St.Ives Society ‘Spring Open’ 2024

The St Ives Society was the one Barbara Hepworth and Ben Nicholson left  to form the Penwith Society in the height of St Ives’ fame when modernism flourished here and in America.

Now two open shows per year provide varied art and useful income for the society which exhibits in the Mariners’ Church.
The opening was crowded, 323 works had been submitted and most it seems were accepted.
Marie Keeling had arranged them, grouping by themes and types, grey- blue abstractions together, a wall of flower paintings, seascapes, geometrical arrangements, plus ceramic vessels and sculpture and a case of delicate jewelry. It’s  a giant installation of what is going on in the local scene. Much the same mix as last time with nothing controversial, nothing overtly political.
A lot of artists do much the same things repeatedly so if you like what they do it’s fine and if not it’s tedious. Many have exhibited here for years but I met a couple who submitted there for the first time and were delighted to be included.
Could any of these artists become famous beyond St Ives?
How does that happen?
Are these local shows similar globally?
Should clear pastiches of the famous such as Basquiat be either not accepted or at the least acknowledged?
Could innovation be encouraged?
Does the variety mirror that in the contemporary art world?
Is it just harmless fun and a welcome outlet for the many who belong to a loose knit community catering to the tourist trade?
As in football there are a few with genius status who are famous worldwide and become wealthy and then the others, in various leagues down to those kicking a ball about in a nearby cul de sac and all of it shows the importance of art and football at every level in our so hierarchied society.

 

Images are Jenny Beavan, .energised water' porcelain, glass and pebbles, £475

and El Matador Del Muerte, 'Hold Fast' concrete, paint and resin, £265





 

Harold Harvey at Penlee Gallery, Penzance

'A kitchen Interior' 1918


'Portrait of a Girl 1922'

 

 

The Exceptional Harold Harvey, May 1 to Sept 29 2024, Penlee Gallery,Penzance

Harold Harvey was born 1874 and died 1941

This exhibition is a real visual treat and also has panels giving useful background information on the artist’s life, plus there is a lovely book to accompany the show.

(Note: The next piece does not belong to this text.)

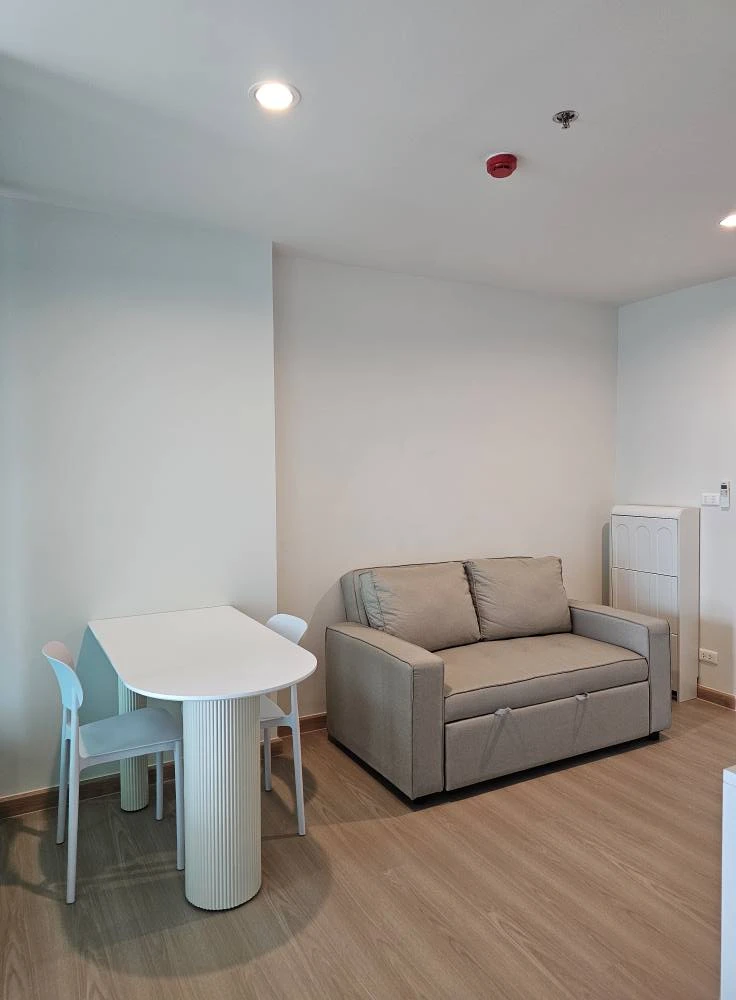 Terra Residence for rent, large room, north facing, view of Puey Thammasat University Park, partitioned with sliding glass doors, reserve now.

How simple his life seems compared with that of a contemporary artist today trying to find a career in a post modernist world of installations and concepts, grants and fellowships.

Harold studied art in Penzance and Paris and settled in Newlyn, teaching at his own school of art, sending paintings to the Royal Academy shows and living happily with his wife Gertrude within the artists’ colony.

He shows us the countryside in well observed detail and with colours that look as if they were painted yesterday. No doubt he used photography to supplement his knowledge.
We see young women going out for an evening, hikers, miners, flower-pickers and beach goers. There are delightful interiors and twenties and thirties fashion depicted with such care. His style develops through the years. The compositions use rhythm and complexity to evoke a whole era and you can feel you’ve met the people and been to their homes and surroundings.

I suppose everywhere there are artists carrying on this record of life in their own time which has a historical value as well as an aesthetic quality and Harold Harvey ’s paintings remain as such accomplished examples to inform and entertain us.